_Exercise details_: Keep the pictures out, please, and set down every record exactly.

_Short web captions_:
- - -
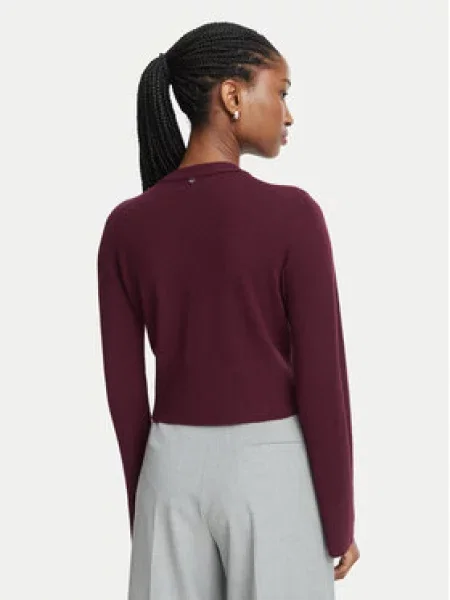 Rinascimento Bluza Bordo Cropp Fit rdeča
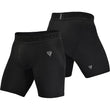 RDX T15 Black Compression Shorts
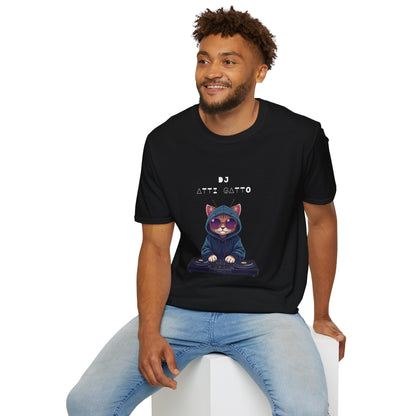 DJ Atti Gatto - Men's/Unisex Tee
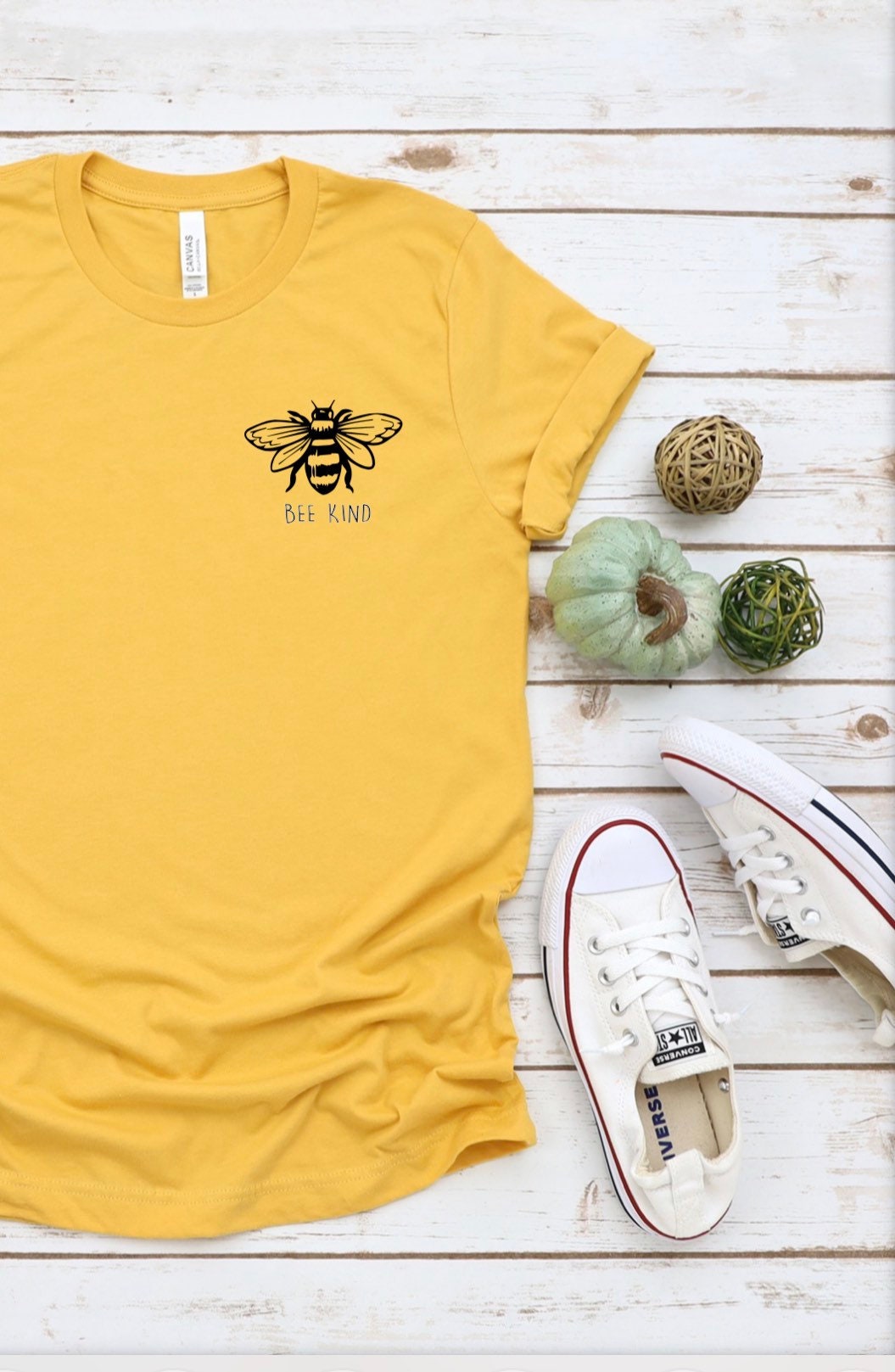 Bee Kind T-shirt Bumblee Bee Shirt Be Kind T-shirt | Etsy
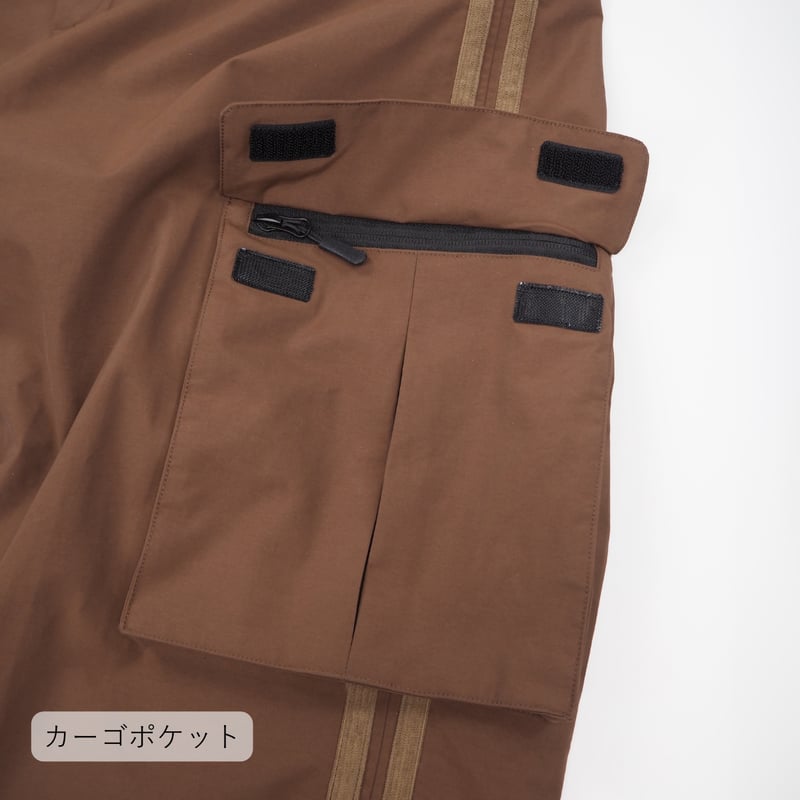Balance Artist スノーボードウェア カーゴパンツ Black S Balance Artist ラインカーゴパンツ | Balance Artist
- - -
_Solution_:
 Rinascimento Bluza Bordo Cropp Fit rdeča
 RDX T15 Black Compression Shorts
 DJ Atti Gatto - Men's/Unisex Tee
 Bee Kind T-shirt Bumblee Bee Shirt Be Kind T-shirt | Etsy
Balance Artist スノーボードウェア カーゴパンツ Black S Balance Artist ラインカーゴパンツ | Balance Artist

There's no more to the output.